Flexing the Muscular System
Noteworthy facts to keep your muscular knowledge strong.
As a fit pro, you are all too familiar with training muscles to build strength, mass and better movement in your clients—by now, you might consider it muscle memory!
Yet, as a major system present throughout the body, the muscular system is vast and intricate with plenty to explore. After all, muscles produce every movement, from the basic, like digestion and respiration, to the complex, like running, dancing and weightlifting.
The muscular system is made up of three muscle types:
- Skeletal muscles, attached to bones by tendons, are the only muscles that are consciously controlled to create movement.
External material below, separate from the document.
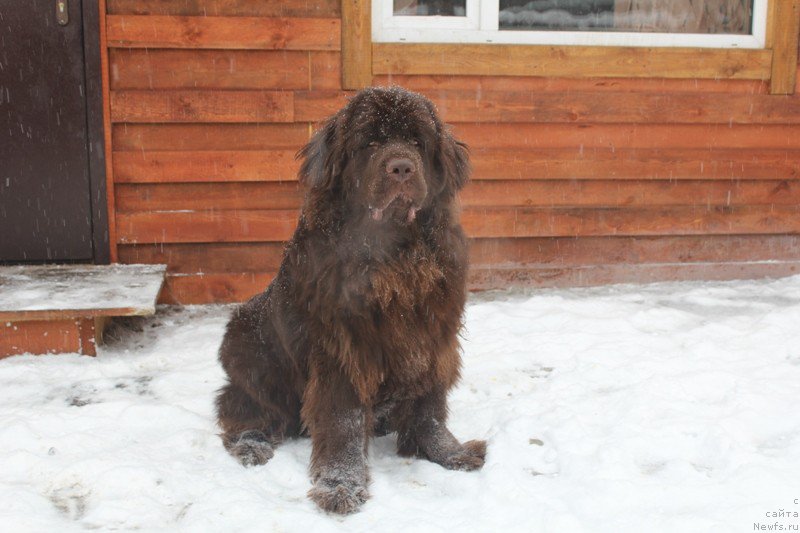 Фото: ньюфаундленд Хит Шелико Голден Черри Браун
- Smooth muscles that line the inside of blood vessels and organs—like the stomach—contract involuntarily to move food along the digestive tract and maintain blood circulation.
- Cardiac muscles are located in the heart and pump blood throughout the body, acting involuntarily through the nervous system (Burgess 2018; Zimmermann 2016).
Read on to strengthen your grasp on muscle facts:
- The muscular system contains over 600 muscles that work together to keep the body moving and functioning (Burgess 2018).
- Muscle contractions generate 85% of your body heat (Klein 2016).
- The body’s largest muscle is the gluteus maximus, while the strongest muscle by weight is the masseter, which allows the jaw to close with a force of up to 55 pounds on the incisors and 200 pounds on the molars (Burgess 2018).
- Common muscle disorders include inflammatory myopathies that cause muscle inflammation, muscular dystrophies that weaken the muscles, metabolic muscle disorders which interfere with chemical reactions that draw energy from food, and neuromuscular junction disorders that impair the transmission of nerve signals to muscles (Burgess 2018; Zimmermann 2016).
- Muscles compose about 40% of the body’s total weight (Burgess 2018).
- Keeping the muscular system healthy includes doing regular physical activity, eating a balanced diet of lean protein and plant-based nutrients—especially those containing magnesium (e.g., whole grains, leafy green vegetables and almonds)—staying hydrated, and completing warmups and cooldowns to prevent muscle injury during exercise (Castaneda 2018; NIAMS 2017).